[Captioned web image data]
*** Begin section ***
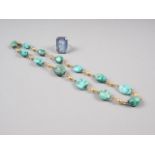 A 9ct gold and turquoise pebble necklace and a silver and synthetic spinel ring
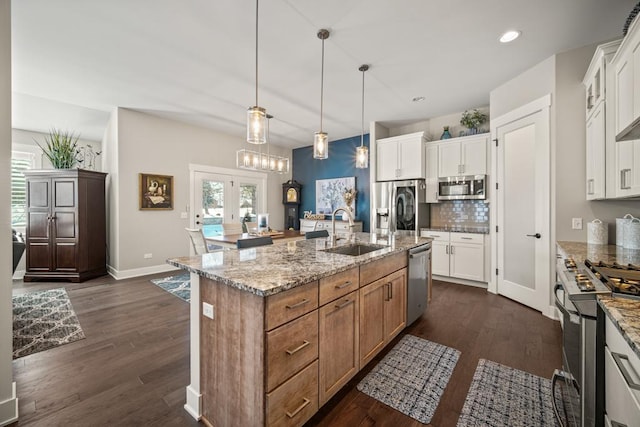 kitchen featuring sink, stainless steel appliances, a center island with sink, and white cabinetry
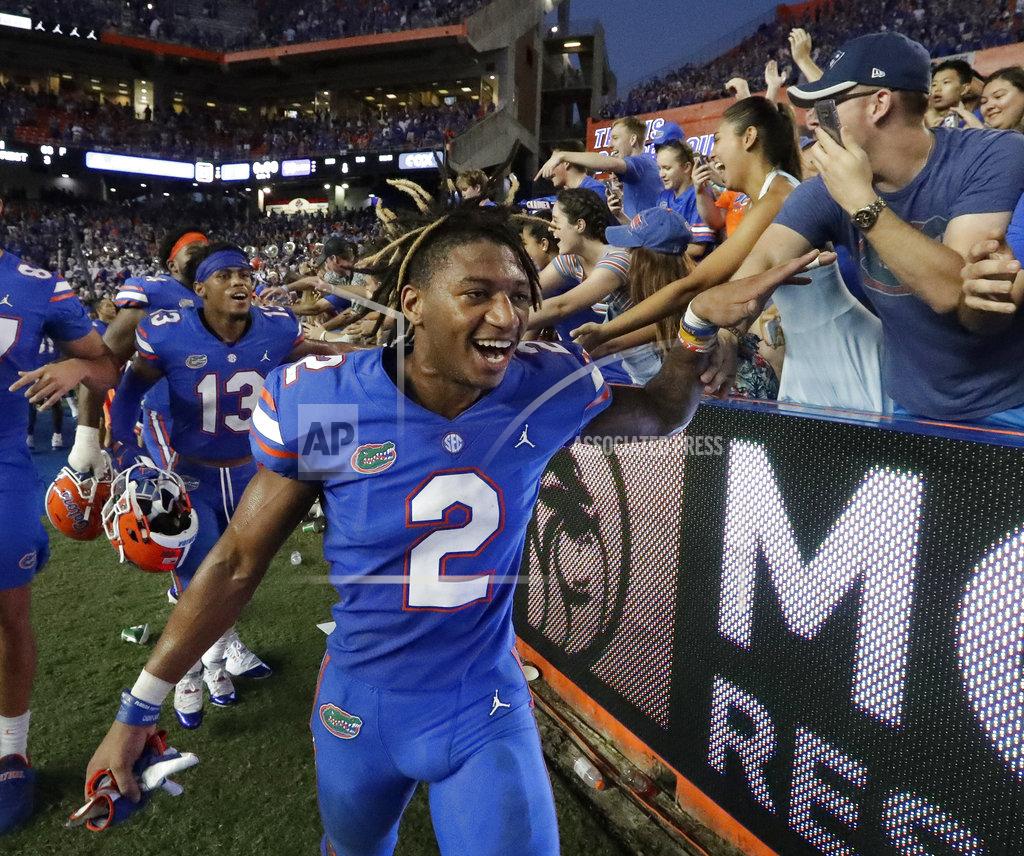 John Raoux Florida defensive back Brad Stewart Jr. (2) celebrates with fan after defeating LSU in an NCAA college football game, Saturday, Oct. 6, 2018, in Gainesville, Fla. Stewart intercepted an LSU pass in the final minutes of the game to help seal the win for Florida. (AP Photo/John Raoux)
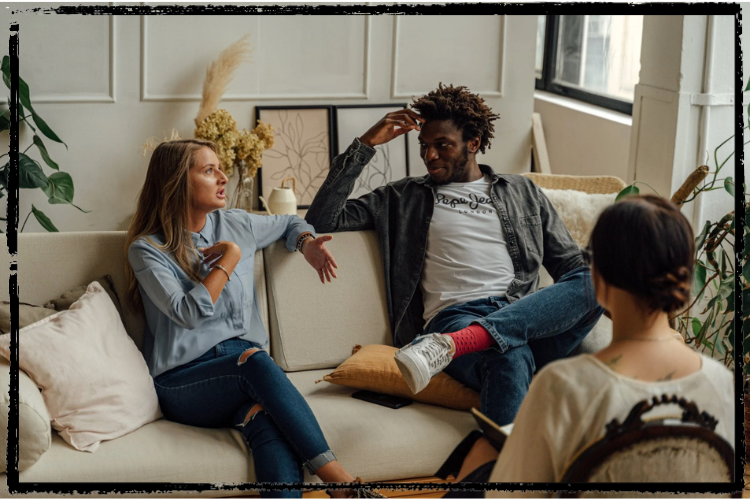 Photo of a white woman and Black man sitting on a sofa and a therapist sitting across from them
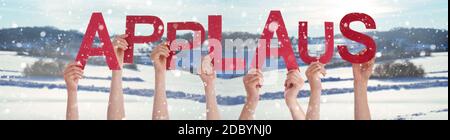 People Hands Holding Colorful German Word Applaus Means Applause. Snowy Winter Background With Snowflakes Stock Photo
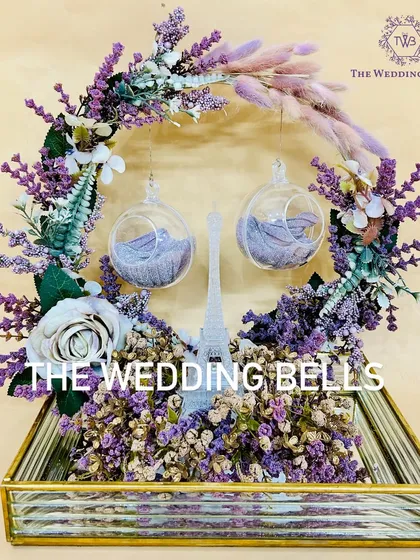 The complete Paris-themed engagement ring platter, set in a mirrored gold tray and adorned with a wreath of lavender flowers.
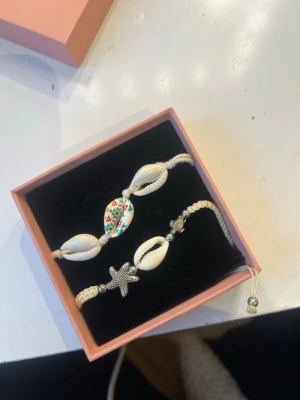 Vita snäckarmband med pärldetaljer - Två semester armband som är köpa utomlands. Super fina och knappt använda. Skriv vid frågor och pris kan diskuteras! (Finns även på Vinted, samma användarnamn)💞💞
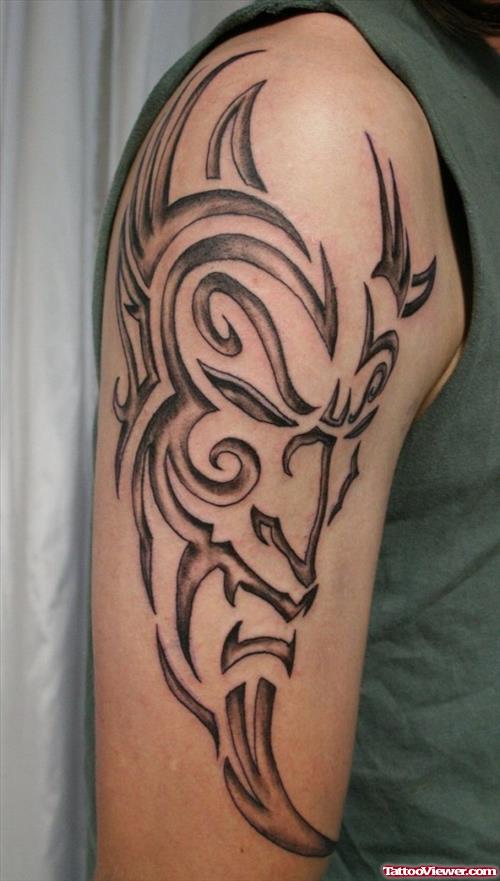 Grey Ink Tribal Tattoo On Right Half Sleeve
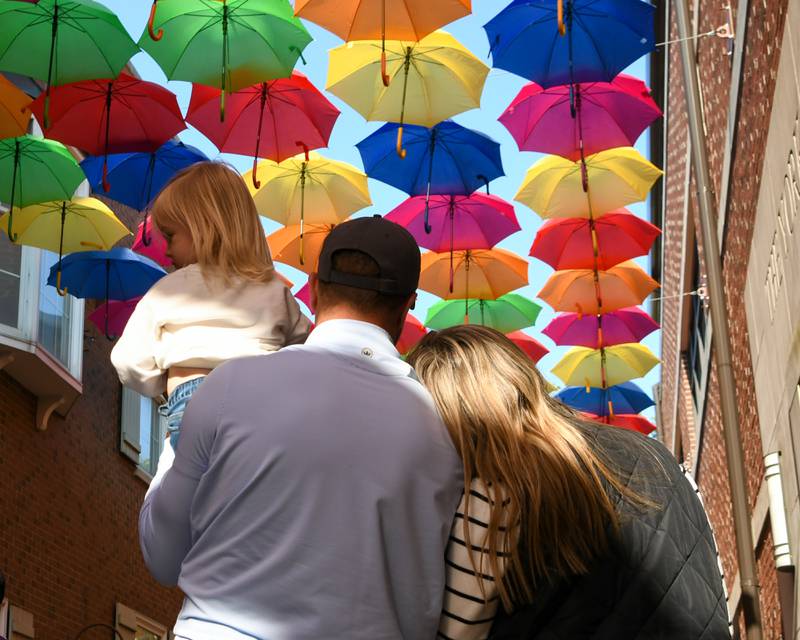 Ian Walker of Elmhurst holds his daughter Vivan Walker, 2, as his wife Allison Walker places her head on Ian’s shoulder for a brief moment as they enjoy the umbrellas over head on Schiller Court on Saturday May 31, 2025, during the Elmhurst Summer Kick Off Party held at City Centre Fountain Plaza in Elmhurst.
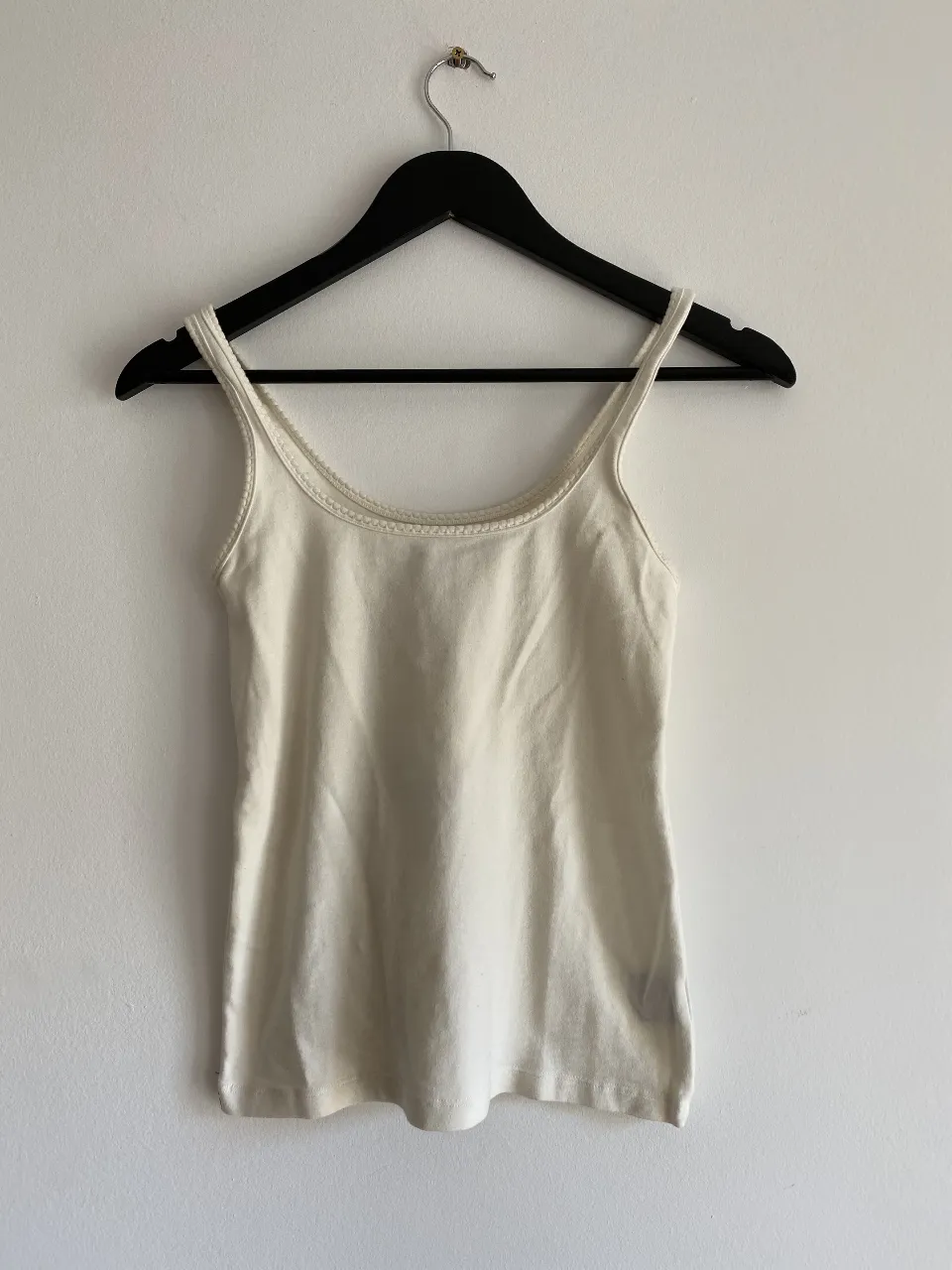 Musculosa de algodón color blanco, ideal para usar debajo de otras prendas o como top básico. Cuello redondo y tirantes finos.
*** End section ***
Start at the line containing "People Hands Holding" above and stop at the line containing "The complete Paris-themed". Output those lines exactly, both included, but none of the pictures.

 People Hands Holding Colorful German Word Applaus Means Applause. Snowy Winter Background With Snowflakes Stock Photo
 The complete Paris-themed engagement ring platter, set in a mirrored gold tray and adorned with a wreath of lavender flowers.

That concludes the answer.